How long would you keep coffee beans in a valve bag before any deterioration would be an issue? I recently bought some Rave Italian Job coffee from Amazon and was not impressed. They were in a valve bag.


----------



## jeebsy (May 5, 2013)

How fresh were they?


----------



## urbanbumpkin (Jan 30, 2013)

icnoble said:


> How long would you keep coffee beans in a valve bag before any deterioration would be an issue? I recently bought some Rave Italian Job coffee from Amazon and was not impressed. They were in a valve bag.


What was the roast date on the Beans from Amazon?


----------



## StuartS (Jan 2, 2015)

Best to buy direct from Rave - they are posted the day they are roasted. Amazon might be a pound or two cheaper but no guarantee when they were roasted.


----------



## icnoble (Nov 25, 2014)

jeebsy said:


> How fresh were they?


I dont know


----------



## garydyke1 (Mar 9, 2011)

Fresh is best . Always seek a roast date


----------



## Steve7 (Dec 19, 2014)

Has anyone read the question?

The OP didn't ask about buying beans you know the roast date of, but how long valve bags work well for.

Not one person had responded with an answer that deal with that qestion. Of course fresh is best but how long can beans be fresh in a sealed valve bag! Just how long from a roast date is ok?

I'd say weeks, and certainly a couple of months.


----------



## coffeechap (Apr 5, 2012)

Steve7 said:


> Has anyone read the question?
> 
> The OP didn't ask about buying beans you know the roast date of, but how long valve bags work well for.
> 
> ...


actually people responded with a little bit of knowledge about rave beans!

if you buy them from amazon they have been nitrogen flushed to preserve them for longer, downside is the roast date could be over a month ago, when you get them fresh they should be rested for about seven days then they will be at their best and usuble for about three weeks when left in a valve bag.


----------



## DavecUK (Aug 6, 2013)

After quite extensive testing over many years if beans have been treated correctly before packing and not VERY dark roasted, they will be quite drinkable up to 6 weeks from the roasting date.
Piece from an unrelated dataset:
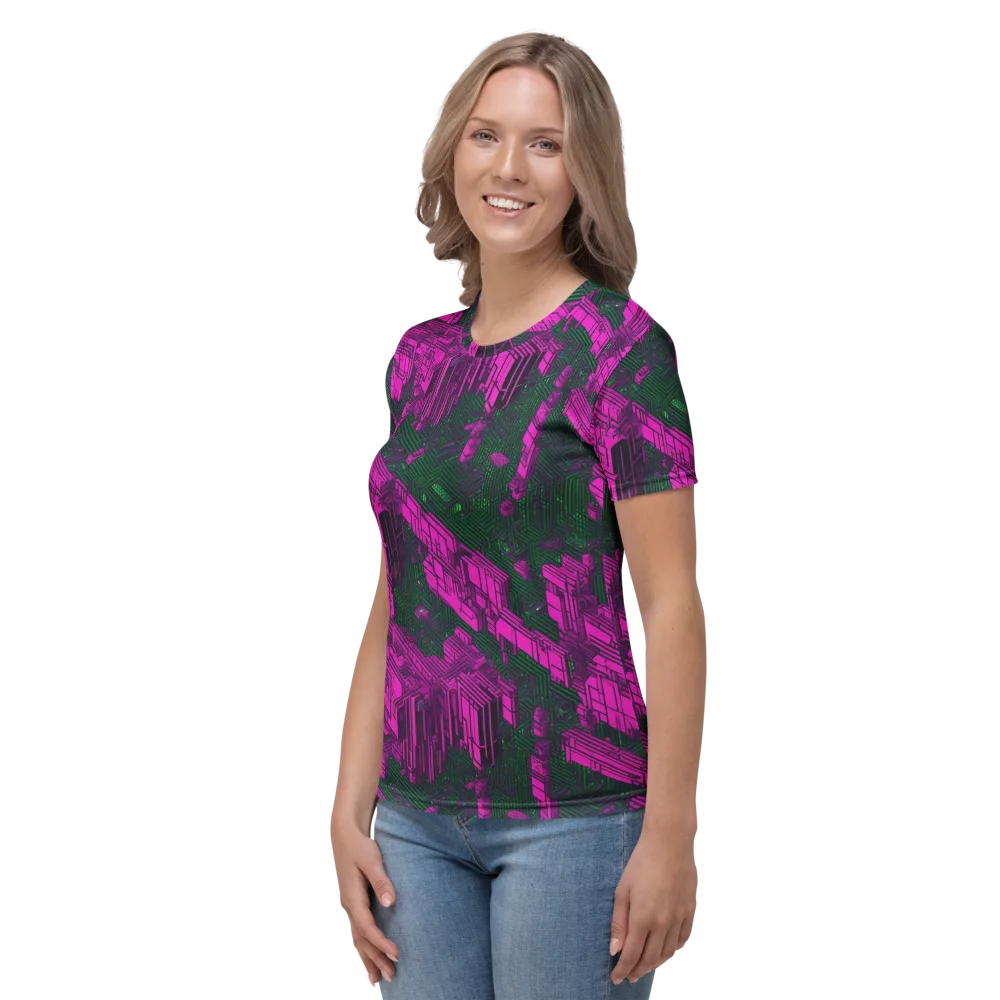Magenta Gridfall on Women's Crew Neck T-Shirt — Left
The main decline will be post 6 weeks. The caveats are.

1. Storage temperature (cool, but not fridge)

2. How they were treated post roast (cooling, packing, speed of packing and head space removal/N flushing)

3. Were the packs properly sealed (not leaking) with a good Wico type one way valve

4. The darker the roast the less time they last

5. A bad roast will taste much worse after 4 weeks than a really good one.

P.S. Also want to stress Nitrogen flushing makes only a marginal difference.


----------



## jeebsy (May 5, 2013)

Steve7 said:


> Has anyone read the question?
> 
> The OP didn't ask about buying beans you know the roast date of, but how long valve bags work well for.
> 
> ...


Before giving an answer like, "it's not the beans or the bag that is the problem, it's what you're doing with them" it's useful to establish when the beans were roasted.


----------



## urbanbumpkin (Jan 30, 2013)

IMO Beans will last at least 6-7 weeks in a valve bag, but they're better in the first 4 weeks.

Best buying beans direct from Rave rather than the ones on Amazon as CoffeeChap said.

Roast dates are usually on the bottom of the bag on a sticker


----------



## icnoble (Nov 25, 2014)

Thanks very much for your replies. I will certainly try Rave coffee again direct from them.


----------